## Directions:
Instruction for the entries below: return the part that opens with the line containing "Bed desk pillows" and closes with the line containing "Tudor Brown Interlock", exactly, and no pictures.

## Information supplied:
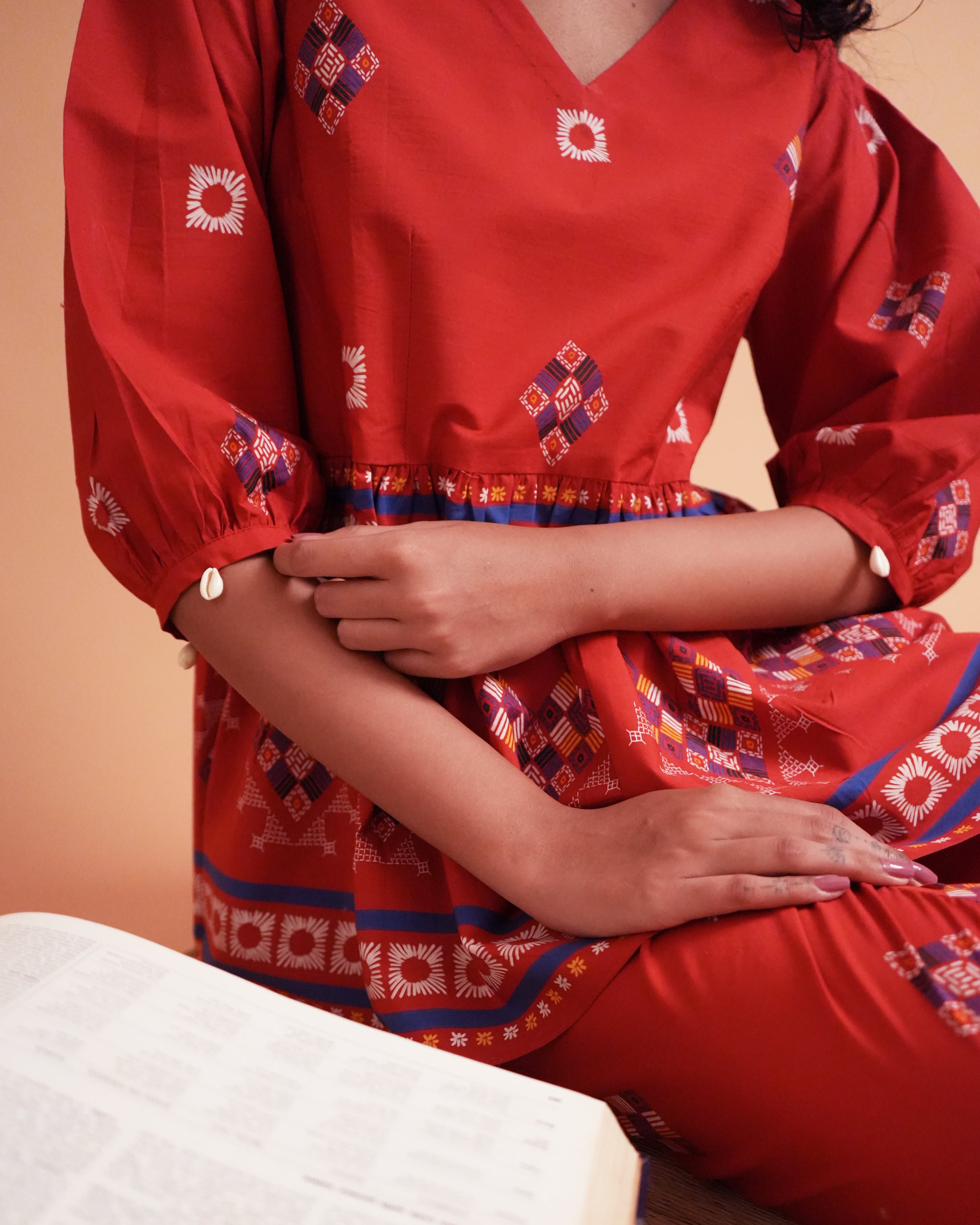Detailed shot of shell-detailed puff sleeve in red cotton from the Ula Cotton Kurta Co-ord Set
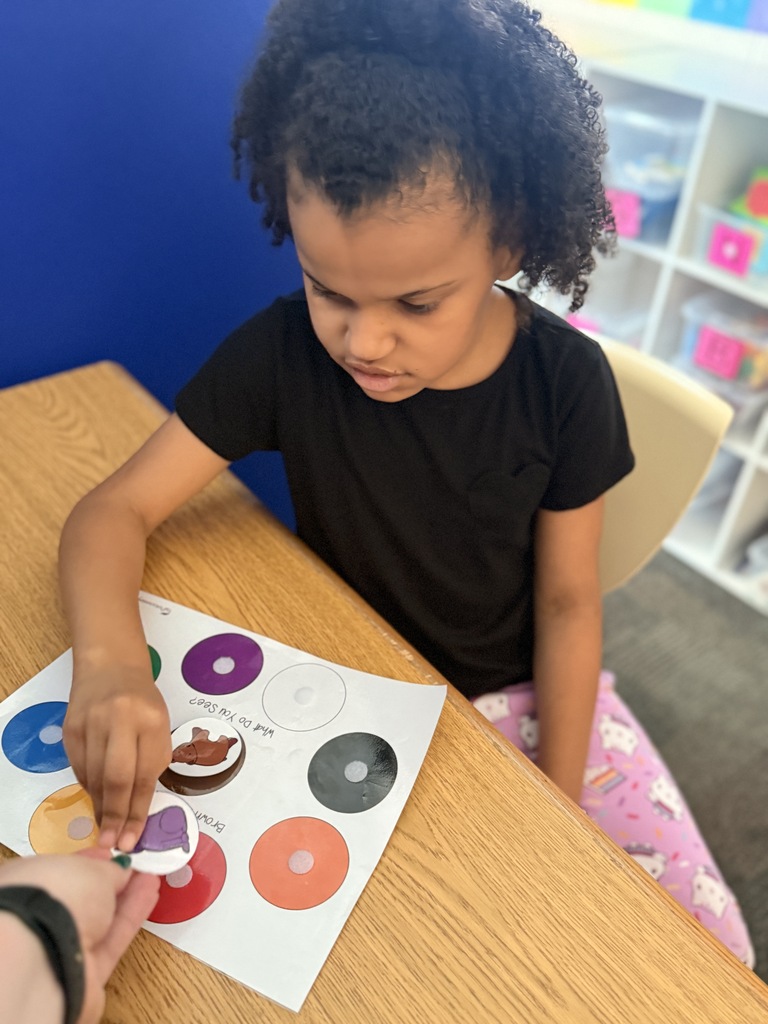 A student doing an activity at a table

==

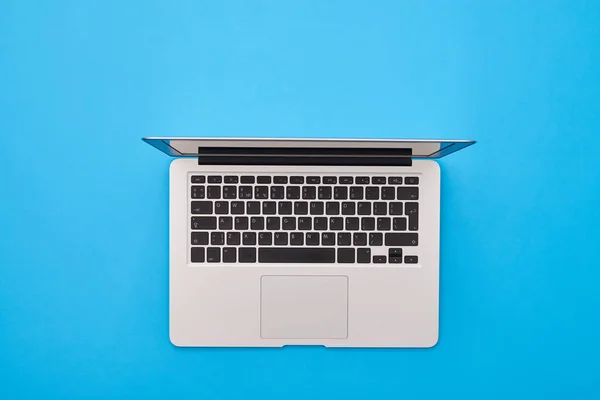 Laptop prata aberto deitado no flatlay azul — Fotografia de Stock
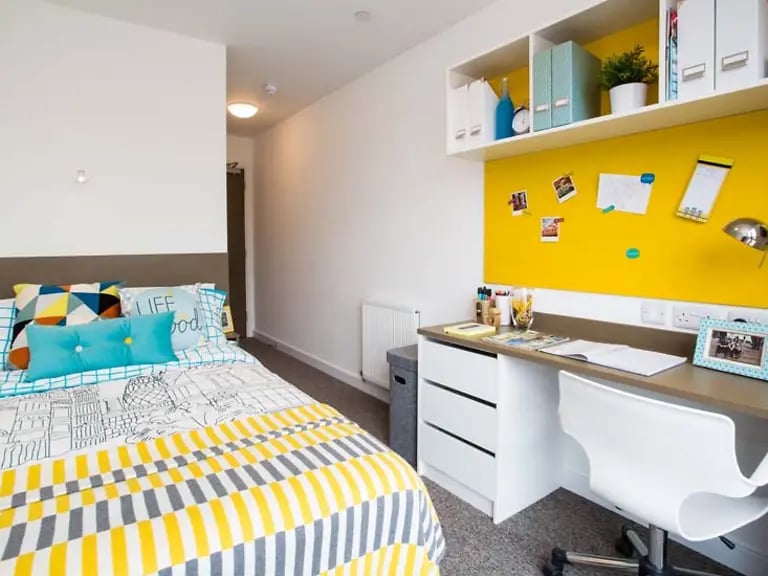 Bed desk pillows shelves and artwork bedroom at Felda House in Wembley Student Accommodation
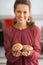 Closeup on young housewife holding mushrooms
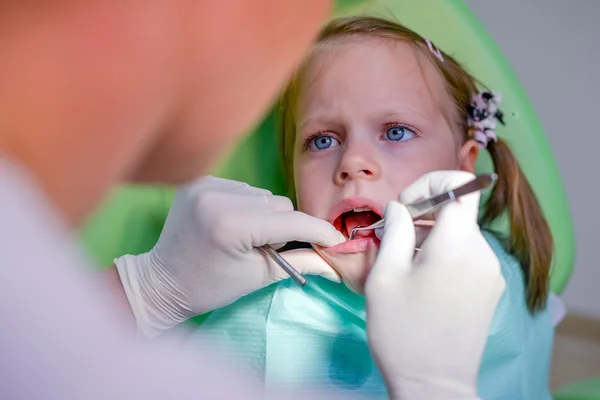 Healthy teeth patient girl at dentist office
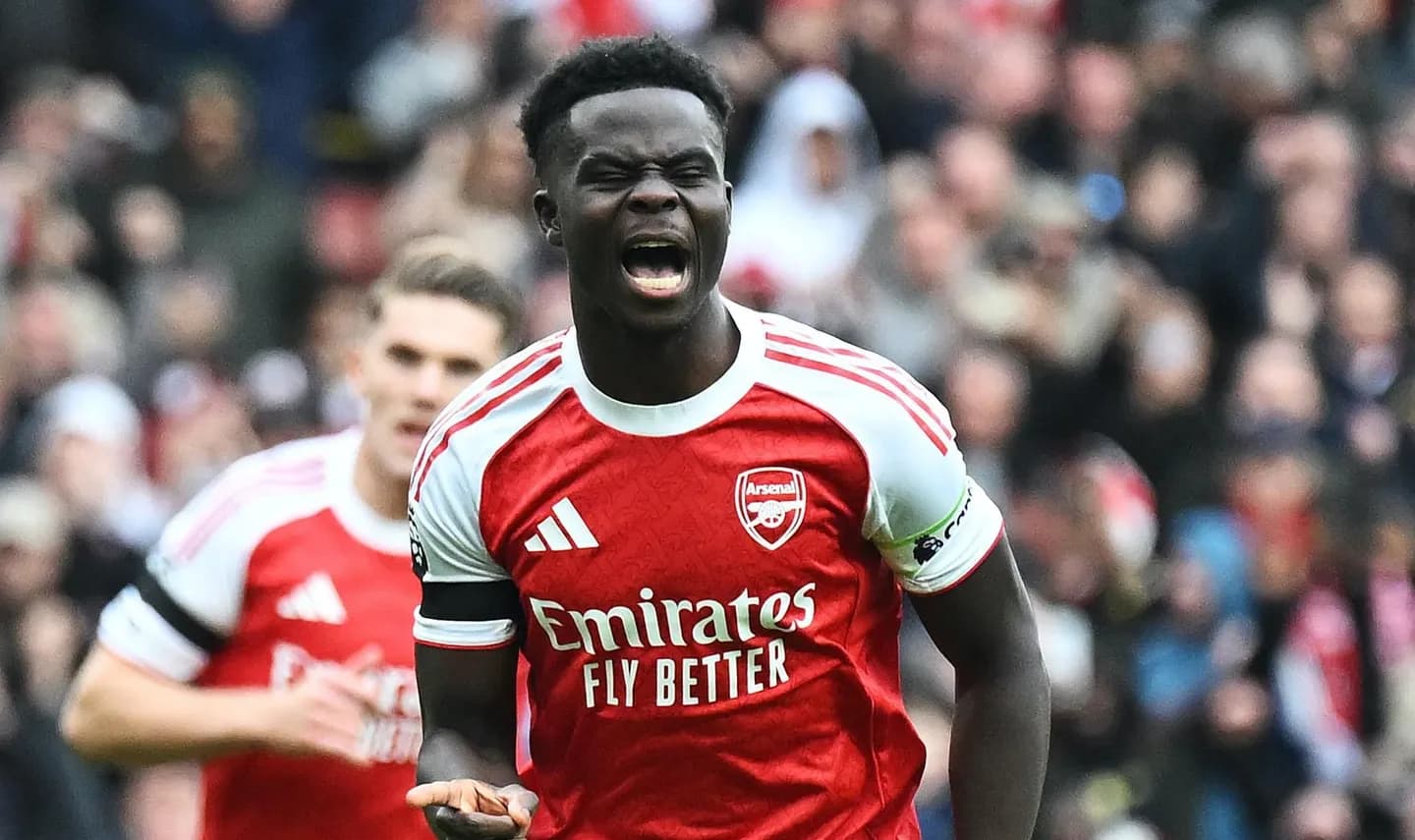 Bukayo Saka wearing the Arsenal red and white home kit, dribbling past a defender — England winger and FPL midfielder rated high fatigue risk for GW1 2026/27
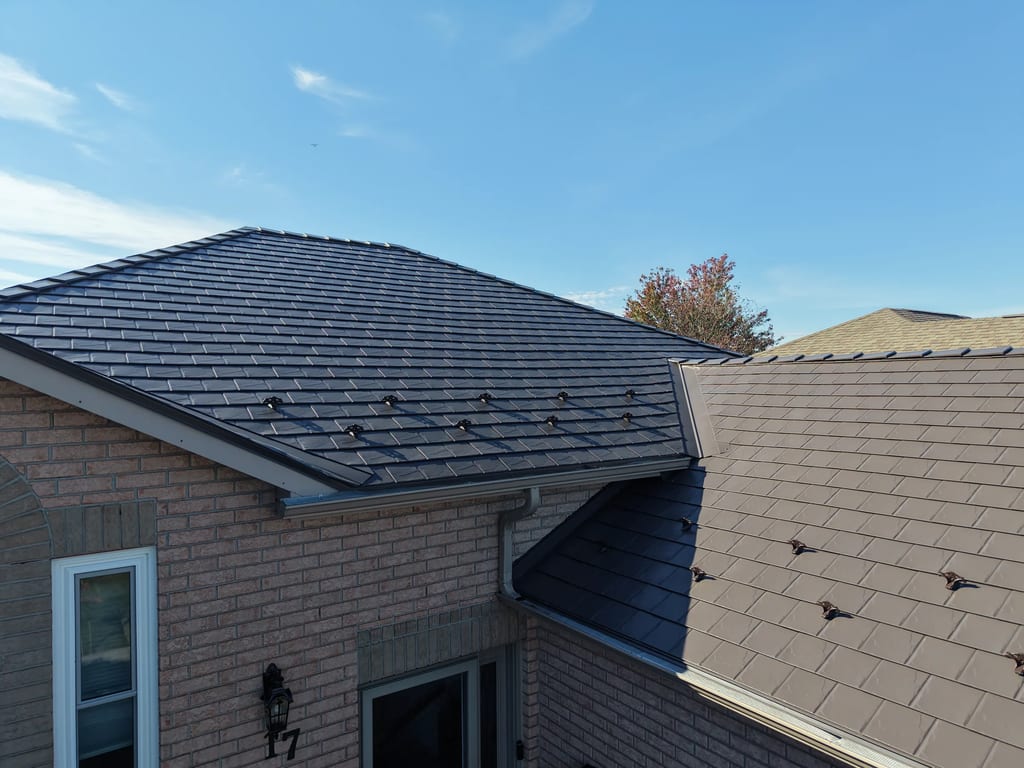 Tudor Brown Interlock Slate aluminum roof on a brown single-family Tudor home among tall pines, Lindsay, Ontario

## Task result:
 Bed desk pillows shelves and artwork bedroom at Felda House in Wembley Student Accommodation
 Closeup on young housewife holding mushrooms
 Healthy teeth patient girl at dentist office
 Bukayo Saka wearing the Arsenal red and white home kit, dribbling past a defender — England winger and FPL midfielder rated high fatigue risk for GW1 2026/27
 Tudor Brown Interlock Slate aluminum roof on a brown single-family Tudor home among tall pines, Lindsay, Ontario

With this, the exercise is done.